* What is required *
The answer must consist of each line below that contains the word "Skin", copied in full.

* Dataset *
::::::

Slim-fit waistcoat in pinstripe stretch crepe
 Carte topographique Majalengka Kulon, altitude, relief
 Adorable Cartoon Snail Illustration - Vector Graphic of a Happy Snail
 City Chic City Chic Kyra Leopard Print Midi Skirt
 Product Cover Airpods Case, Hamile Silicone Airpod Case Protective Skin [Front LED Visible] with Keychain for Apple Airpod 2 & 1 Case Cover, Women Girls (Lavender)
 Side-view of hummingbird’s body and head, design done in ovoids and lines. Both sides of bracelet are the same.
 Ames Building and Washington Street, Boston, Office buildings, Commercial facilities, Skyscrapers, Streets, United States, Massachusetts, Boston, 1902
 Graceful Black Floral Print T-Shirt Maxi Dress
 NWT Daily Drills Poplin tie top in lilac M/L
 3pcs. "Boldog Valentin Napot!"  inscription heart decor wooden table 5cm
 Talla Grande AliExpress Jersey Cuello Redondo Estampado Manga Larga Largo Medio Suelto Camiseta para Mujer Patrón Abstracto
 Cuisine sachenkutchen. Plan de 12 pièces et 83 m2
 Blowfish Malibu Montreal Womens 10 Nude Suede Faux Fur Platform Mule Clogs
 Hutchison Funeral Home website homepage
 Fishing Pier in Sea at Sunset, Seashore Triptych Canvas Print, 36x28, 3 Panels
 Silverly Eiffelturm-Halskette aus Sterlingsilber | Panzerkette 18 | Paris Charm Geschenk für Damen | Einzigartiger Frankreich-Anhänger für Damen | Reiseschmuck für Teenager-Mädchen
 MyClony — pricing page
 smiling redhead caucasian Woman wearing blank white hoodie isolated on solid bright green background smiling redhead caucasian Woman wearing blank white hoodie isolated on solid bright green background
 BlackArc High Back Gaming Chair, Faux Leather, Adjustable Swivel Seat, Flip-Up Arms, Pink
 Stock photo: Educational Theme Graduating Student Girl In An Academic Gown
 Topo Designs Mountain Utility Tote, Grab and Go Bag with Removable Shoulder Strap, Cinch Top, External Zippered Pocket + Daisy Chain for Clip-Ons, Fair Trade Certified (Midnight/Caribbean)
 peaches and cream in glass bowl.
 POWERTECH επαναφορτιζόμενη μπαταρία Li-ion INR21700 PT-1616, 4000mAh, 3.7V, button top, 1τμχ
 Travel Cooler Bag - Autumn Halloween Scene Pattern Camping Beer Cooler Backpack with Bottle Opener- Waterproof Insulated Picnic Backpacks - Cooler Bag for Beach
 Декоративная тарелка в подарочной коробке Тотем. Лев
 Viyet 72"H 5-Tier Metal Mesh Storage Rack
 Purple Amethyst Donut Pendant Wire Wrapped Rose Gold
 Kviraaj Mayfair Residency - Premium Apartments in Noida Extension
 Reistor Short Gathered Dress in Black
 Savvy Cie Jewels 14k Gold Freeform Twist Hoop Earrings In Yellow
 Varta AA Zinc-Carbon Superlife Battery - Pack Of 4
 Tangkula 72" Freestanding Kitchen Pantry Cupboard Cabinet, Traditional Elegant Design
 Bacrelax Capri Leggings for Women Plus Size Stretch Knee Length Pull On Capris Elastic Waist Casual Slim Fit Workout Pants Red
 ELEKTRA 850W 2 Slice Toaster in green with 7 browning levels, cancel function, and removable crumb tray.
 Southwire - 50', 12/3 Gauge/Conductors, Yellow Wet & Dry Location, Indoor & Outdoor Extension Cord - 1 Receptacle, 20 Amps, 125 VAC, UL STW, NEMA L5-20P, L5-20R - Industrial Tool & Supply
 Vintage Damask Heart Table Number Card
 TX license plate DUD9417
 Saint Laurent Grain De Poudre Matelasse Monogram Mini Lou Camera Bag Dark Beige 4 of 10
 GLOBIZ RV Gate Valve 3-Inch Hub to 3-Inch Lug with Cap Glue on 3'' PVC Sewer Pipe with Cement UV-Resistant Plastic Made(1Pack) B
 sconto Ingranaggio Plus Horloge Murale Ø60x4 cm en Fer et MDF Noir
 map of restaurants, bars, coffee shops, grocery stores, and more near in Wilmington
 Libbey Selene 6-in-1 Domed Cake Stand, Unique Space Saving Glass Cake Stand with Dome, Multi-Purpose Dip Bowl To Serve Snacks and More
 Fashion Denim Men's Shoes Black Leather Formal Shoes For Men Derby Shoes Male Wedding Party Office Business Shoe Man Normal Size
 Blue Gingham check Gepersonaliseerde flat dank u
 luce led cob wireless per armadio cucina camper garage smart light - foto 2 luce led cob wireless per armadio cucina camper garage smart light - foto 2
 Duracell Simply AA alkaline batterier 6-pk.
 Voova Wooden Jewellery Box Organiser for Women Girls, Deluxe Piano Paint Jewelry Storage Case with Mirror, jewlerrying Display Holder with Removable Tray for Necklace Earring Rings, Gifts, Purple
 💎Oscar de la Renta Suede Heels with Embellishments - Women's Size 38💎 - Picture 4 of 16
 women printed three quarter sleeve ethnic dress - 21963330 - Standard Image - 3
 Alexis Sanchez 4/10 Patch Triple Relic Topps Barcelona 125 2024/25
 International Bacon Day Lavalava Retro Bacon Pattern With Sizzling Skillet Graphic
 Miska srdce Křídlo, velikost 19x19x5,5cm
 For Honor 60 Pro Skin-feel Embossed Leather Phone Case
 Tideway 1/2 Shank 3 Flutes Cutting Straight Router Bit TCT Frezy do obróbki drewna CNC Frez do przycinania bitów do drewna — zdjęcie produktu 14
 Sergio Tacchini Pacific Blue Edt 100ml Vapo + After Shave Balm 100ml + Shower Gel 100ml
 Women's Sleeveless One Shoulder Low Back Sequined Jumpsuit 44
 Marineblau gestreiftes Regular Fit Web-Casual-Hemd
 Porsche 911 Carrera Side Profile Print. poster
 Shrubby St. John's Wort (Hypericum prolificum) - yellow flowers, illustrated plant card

::::::

* Task response *
 Product Cover Airpods Case, Hamile Silicone Airpod Case Protective Skin [Front LED Visible] with Keychain for Apple Airpod 2 & 1 Case Cover, Women Girls (Lavender)
 For Honor 60 Pro Skin-feel Embossed Leather Phone Case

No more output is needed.